For the last several years, I've been checking all dependencies of my team's nodejs project into source control. At first, we stored the archives of all dependencies using yarn v1's offline mirror, now we store zip
s using yarn v2's cache feature.
The reason I felt like it was a good idea to do this is package security, namely:
- We can run CI builds completely without internet connection using vetted packages.
- We're insulated against package loss: if someone were to unpublish their work, or there would be an npm registry outage, we'd still have access to packages to perform builds.
These feel like good reasons; however, what I didn't realize until well after this decision were the costs of the decision:
- Network speed in many scenarios is faster than disk speed: it's often faster to fetch all packages from a CDN than to decompress them on disk and restructure into
node_modules
- Storing archives inside git balloons repository size significantly, reducing CI speed non-trivially through slower clone times (even shallow clones are slow because of the size of the dependency tree, though this may be limited exclusively to the train-wreak of the JavaScript ecosystem).

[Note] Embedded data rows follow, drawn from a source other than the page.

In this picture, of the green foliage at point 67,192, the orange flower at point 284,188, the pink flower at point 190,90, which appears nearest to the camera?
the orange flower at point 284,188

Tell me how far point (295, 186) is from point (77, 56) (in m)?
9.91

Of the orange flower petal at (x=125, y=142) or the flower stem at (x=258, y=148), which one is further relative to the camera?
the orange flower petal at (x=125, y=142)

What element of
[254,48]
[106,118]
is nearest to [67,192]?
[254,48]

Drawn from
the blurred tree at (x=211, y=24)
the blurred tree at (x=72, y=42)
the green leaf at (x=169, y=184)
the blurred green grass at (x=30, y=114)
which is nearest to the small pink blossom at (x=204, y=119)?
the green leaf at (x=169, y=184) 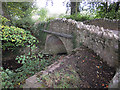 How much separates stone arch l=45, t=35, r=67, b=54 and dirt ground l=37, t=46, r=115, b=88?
468 centimetres

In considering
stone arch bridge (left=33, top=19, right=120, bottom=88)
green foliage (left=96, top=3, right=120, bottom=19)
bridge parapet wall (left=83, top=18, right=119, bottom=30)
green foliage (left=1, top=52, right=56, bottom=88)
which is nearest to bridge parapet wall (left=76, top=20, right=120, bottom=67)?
stone arch bridge (left=33, top=19, right=120, bottom=88)

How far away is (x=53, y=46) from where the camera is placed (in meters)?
8.81

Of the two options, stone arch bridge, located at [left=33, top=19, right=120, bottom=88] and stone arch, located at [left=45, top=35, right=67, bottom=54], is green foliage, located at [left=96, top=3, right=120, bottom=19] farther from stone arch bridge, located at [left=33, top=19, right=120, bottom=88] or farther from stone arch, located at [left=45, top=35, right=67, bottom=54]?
stone arch, located at [left=45, top=35, right=67, bottom=54]

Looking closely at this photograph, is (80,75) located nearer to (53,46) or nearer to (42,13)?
(53,46)

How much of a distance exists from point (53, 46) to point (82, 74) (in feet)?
19.7

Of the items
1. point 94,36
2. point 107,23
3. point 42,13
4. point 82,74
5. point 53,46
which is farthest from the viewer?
point 42,13

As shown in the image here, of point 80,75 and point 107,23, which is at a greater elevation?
point 107,23

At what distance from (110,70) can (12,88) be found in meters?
3.67

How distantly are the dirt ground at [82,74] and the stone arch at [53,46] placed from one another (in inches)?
184

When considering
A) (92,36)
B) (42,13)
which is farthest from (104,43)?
(42,13)

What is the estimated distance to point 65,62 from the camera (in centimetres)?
378

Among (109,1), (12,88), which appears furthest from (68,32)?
(109,1)

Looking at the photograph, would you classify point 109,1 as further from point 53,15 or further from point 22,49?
point 22,49

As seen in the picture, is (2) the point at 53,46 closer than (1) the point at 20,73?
No
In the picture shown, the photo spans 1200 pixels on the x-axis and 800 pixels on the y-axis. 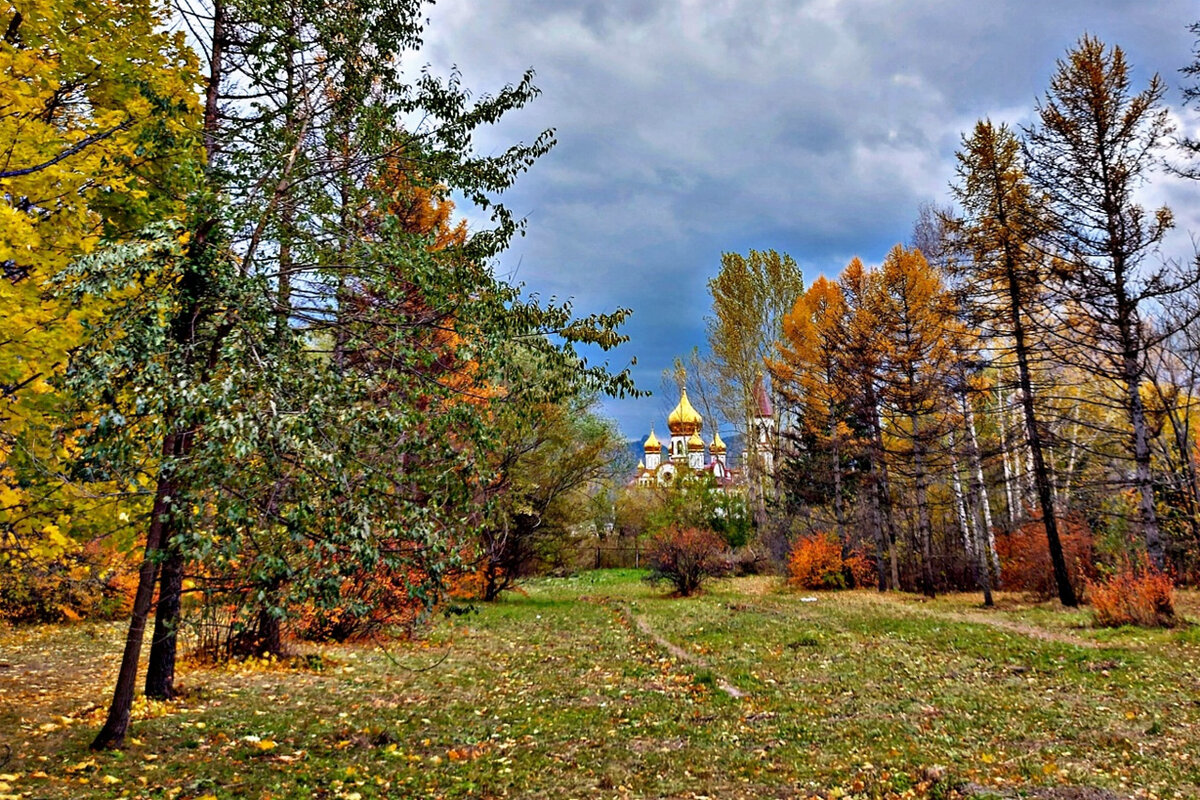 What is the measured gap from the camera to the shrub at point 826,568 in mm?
22781

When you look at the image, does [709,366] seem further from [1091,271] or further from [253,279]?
[253,279]

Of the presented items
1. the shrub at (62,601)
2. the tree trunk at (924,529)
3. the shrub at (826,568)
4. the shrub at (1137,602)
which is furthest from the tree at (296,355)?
the shrub at (826,568)

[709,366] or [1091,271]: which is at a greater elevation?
[709,366]

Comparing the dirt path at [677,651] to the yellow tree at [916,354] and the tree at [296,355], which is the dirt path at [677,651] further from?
the yellow tree at [916,354]

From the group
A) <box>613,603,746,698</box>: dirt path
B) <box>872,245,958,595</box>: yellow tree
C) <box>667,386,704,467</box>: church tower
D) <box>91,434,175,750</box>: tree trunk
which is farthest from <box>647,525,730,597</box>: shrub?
<box>667,386,704,467</box>: church tower

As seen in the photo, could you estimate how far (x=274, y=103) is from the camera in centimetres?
740

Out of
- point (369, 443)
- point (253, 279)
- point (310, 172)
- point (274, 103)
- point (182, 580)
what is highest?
point (274, 103)

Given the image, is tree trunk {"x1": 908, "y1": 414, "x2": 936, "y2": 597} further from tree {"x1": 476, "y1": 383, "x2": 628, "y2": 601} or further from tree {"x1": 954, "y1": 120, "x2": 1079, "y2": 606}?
tree {"x1": 476, "y1": 383, "x2": 628, "y2": 601}

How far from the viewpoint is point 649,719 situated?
6910 millimetres

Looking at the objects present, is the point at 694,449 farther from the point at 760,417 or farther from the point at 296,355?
the point at 296,355

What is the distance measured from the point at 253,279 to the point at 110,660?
8.36 metres

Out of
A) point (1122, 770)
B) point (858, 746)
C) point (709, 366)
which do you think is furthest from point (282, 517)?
point (709, 366)

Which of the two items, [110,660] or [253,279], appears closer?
[253,279]

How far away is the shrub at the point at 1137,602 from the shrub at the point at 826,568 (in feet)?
34.8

(1) is covered generally by a lock file: storing hashes of repositories to avoid malicious attackers changing packages. (2) is a risk but perhaps a fairly low one all-things-considered.
I think this question almost delves into the range of opinion, but I hope just slightly enough to be an OK question here, which is: is it more beneficial to check project dependencies into source control or to fetch them with a proper lock file? An extension of this is: if you do check dependencies into source control, what are the best practices to maximize benefits and minimize costs?
Yarn
something like that? You wrote "Storing archives inside git balloons" - I don't know Yarn, but isn't the job of a package manager to avoid this?